— На этой неделе мы встречались с ним один только раз, — докладывала Дори. — В среду. У него дома. К Франсу… то есть к Хартману никто не приходил. Да… ему звонили. Он говорил с кем-то по телефону о каких-то поставках печенья, что ли, консервов…
— Что еще? — перебил Ослин: содержание телефонных разговоров Хартмана было ему известно.
— Еще? Еще… я увидела у него на столе письмо. Да, из Испании. Пока он был в саду, я прочитала… Я не очень поняла, кто пишет — то ли знакомый, то ли родственник. Там не было ничего особенного.
— Подробнее.
— Подробнее? Какая-то смесь немецких и испанских фраз… о том, что сбор оливок из-за жары начнется раньше срока. Еще что-то о дальних родственниках. Кто-то умер… А, еще там просят помочь какому-то Хаунито, который сейчас здесь, в Гамбурге… Он потерял работу, вывез семью из-за бомбежки… Хартмана просят помочь.
В эту минуту в кабинет без стука, и даже не сняв фуражку, влетел Венцель.
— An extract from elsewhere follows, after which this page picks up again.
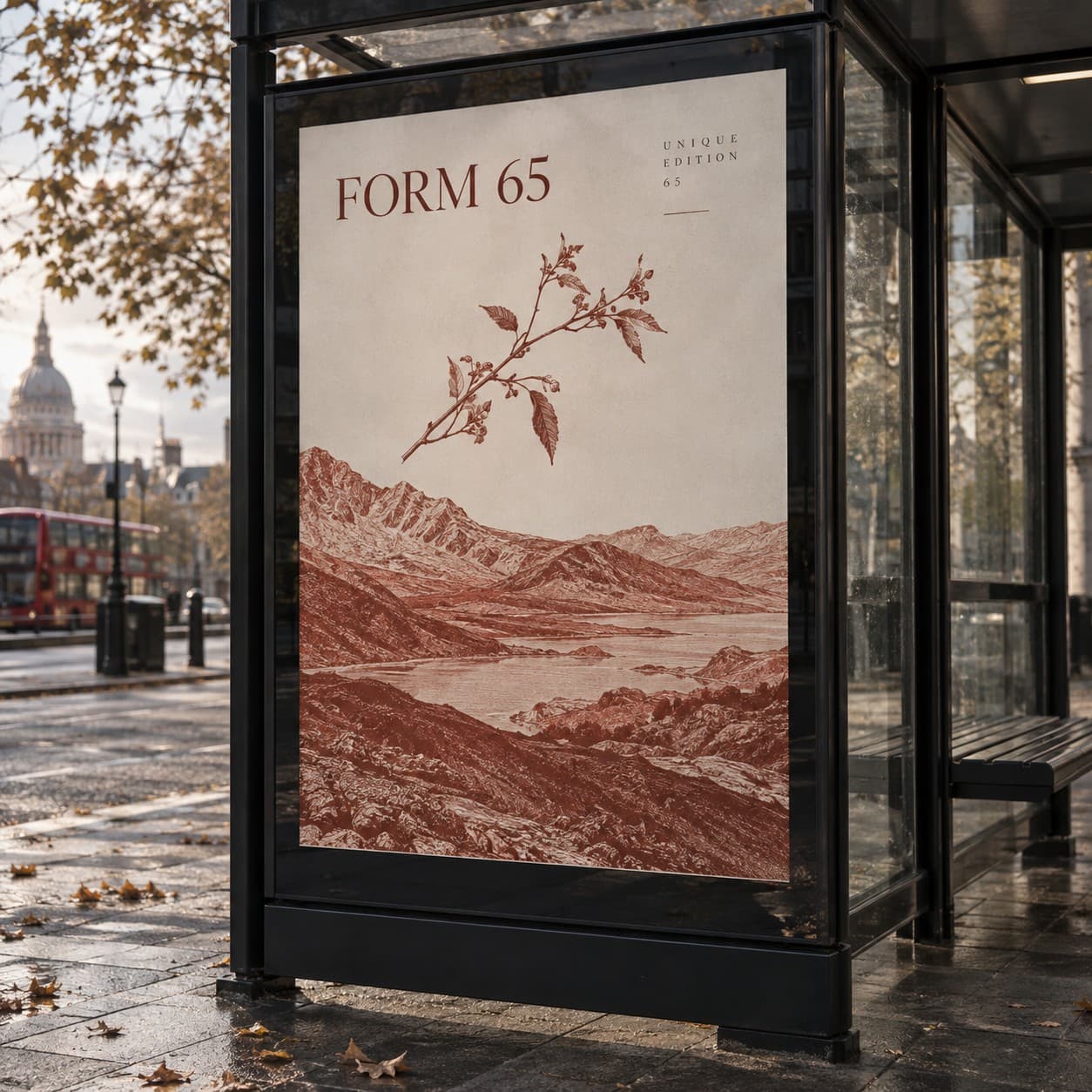 Bus Shelter Posters — rust red landscape contour etching, with a branch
Мельком кивнув в сторону Дори — «Фройлян», он подскочил к Ослину и положил перед ним документ, подготовленный Зоммером. Лицо Ослина слегка вытянулось.
— Оно было передано дважды с разрывом в полсуток, — возбужденно пояснил Венцель. — Один раз — по инициативе и под контролем СД. Второй — в Нойкельне.
Секунду помешкав, Ослин набрал номер приемной Шольца. Но того не оказалось на месте: он был с Мюллером на совещании у Кальтенбруннера. Без резолюции Шольца, а еще лучше самого Мюллера Ослин не мог решиться произвести арест агента Шелленберга. Немецкий регламент с жестким регулированием мельчайших аспектов управления не оставил в стороне и гестапо. Он положил трубку на рычаг телефона.
— Иногда я затрудняюсь ответить — кто сильнее: РСХА или бюрократия? — мрачно съязвил он. — Придется подождать, когда кончится совещание. Думаю, в ближайшие час-два все решится. — Ослин задержал свой взгляд на Дори. — Немедленно поезжайте в «Адлерхоф». Хартман сейчас там. Как хотите, но задержите его. Вы симпатичная женщина, у вас получится. Я вызову вам машину.
Гесслиц не мог избавиться от тревожного мандража в преддверии ухода Хартмана. С момента гибели Оле и Ханнелоре его не покидали дурные предчувствия. Когда утром, провожая его на работу, Нора соорудила ему бутерброды с сыром, он взял их, да и забыл в прихожей. Она догнала его уже на улице, как была, в шлепанцах и домашнем халате.
— Да что с тобой такое сегодня?
Он повернулся, взял сверток. Нора вдруг погладила его по щеке:
— Что с тобой, Вилли?
— Ничего, старушка, — улыбнулся Гесслиц и положил свою широкую ладонь на ее маленькую руку. — Ничего. Все хорошо.